--- Data section ---
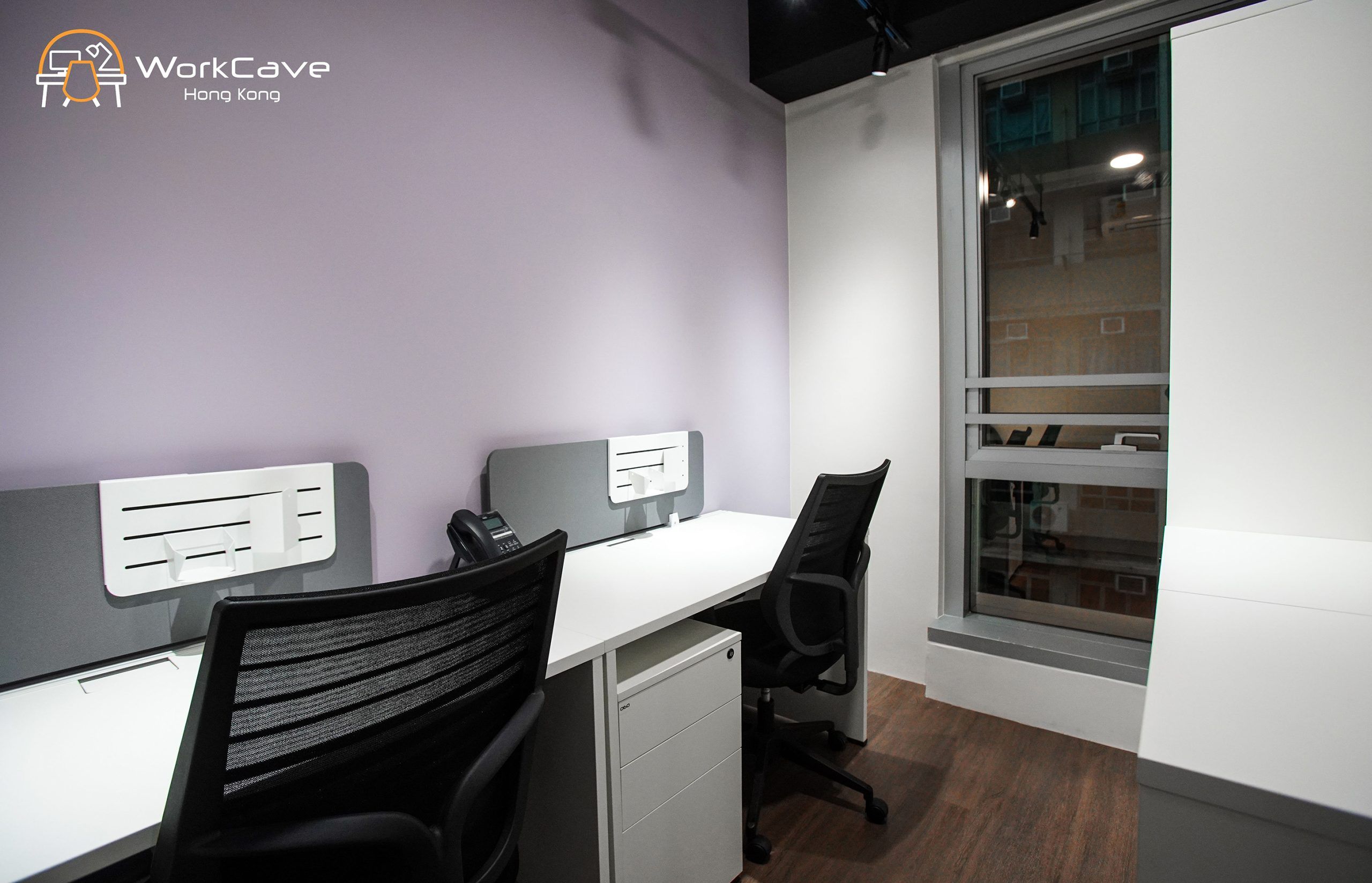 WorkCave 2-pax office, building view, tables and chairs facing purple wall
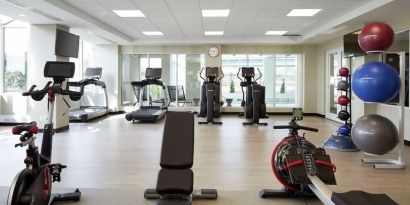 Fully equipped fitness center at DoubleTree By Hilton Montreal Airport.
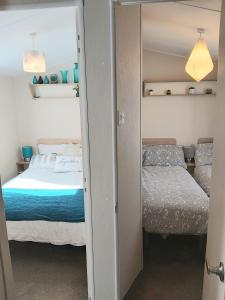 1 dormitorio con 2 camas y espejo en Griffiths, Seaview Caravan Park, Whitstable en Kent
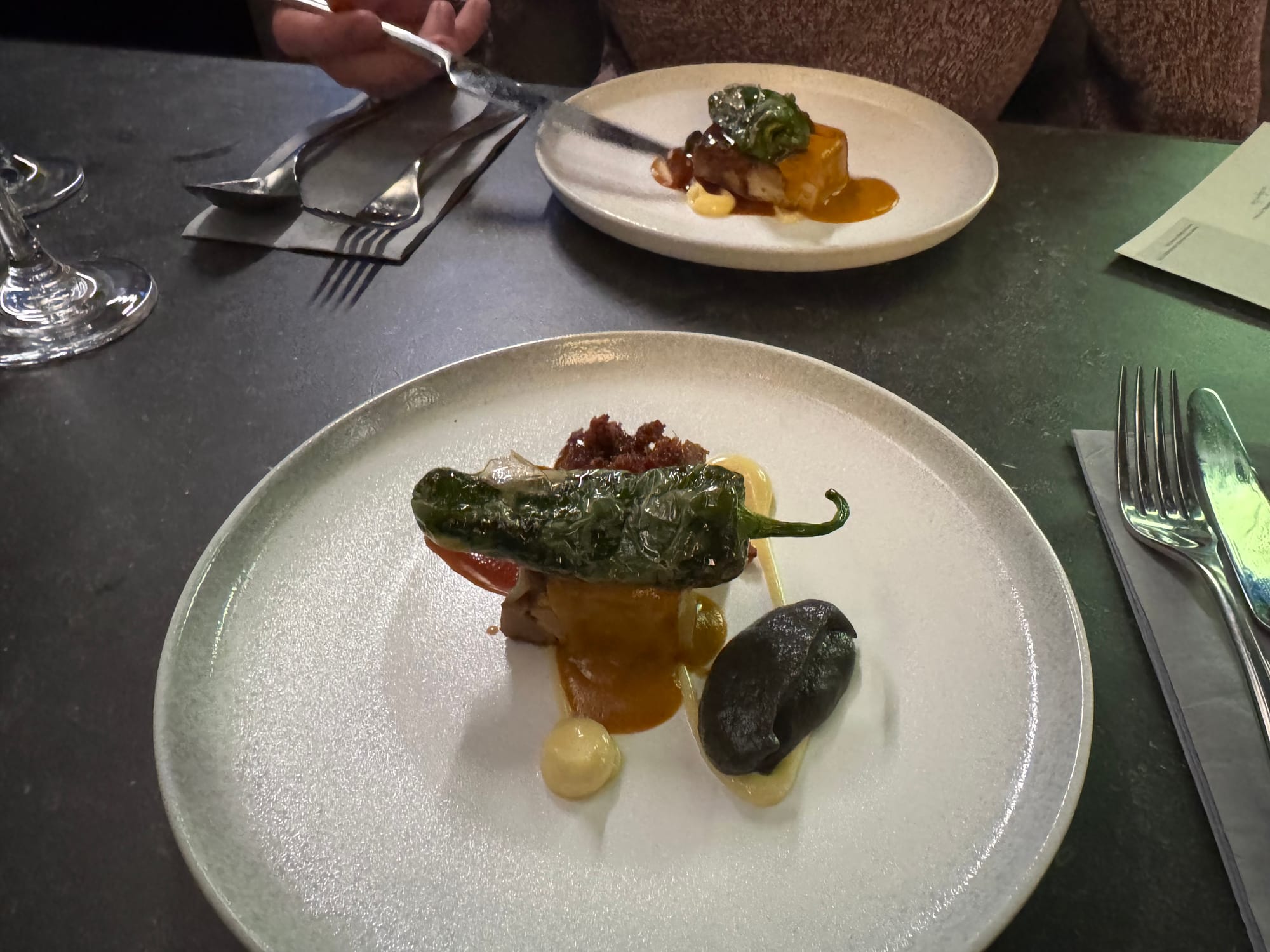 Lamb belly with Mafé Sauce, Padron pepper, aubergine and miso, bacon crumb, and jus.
---
--- Data section ---
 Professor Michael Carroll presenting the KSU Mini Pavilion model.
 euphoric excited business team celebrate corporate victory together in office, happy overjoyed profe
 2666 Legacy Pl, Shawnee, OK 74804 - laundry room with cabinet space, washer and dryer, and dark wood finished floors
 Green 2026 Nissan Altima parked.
---
Work to be completed: Text only, no pictures: please print exactly the lines above from the line with "WorkCave 2-pax office, building" up to and including the line with "Lamb belly with", and nothing else.

Exercise answer:
 WorkCave 2-pax office, building view, tables and chairs facing purple wall
 Fully equipped fitness center at DoubleTree By Hilton Montreal Airport.
 1 dormitorio con 2 camas y espejo en Griffiths, Seaview Caravan Park, Whitstable en Kent
 Lamb belly with Mafé Sauce, Padron pepper, aubergine and miso, bacon crumb, and jus.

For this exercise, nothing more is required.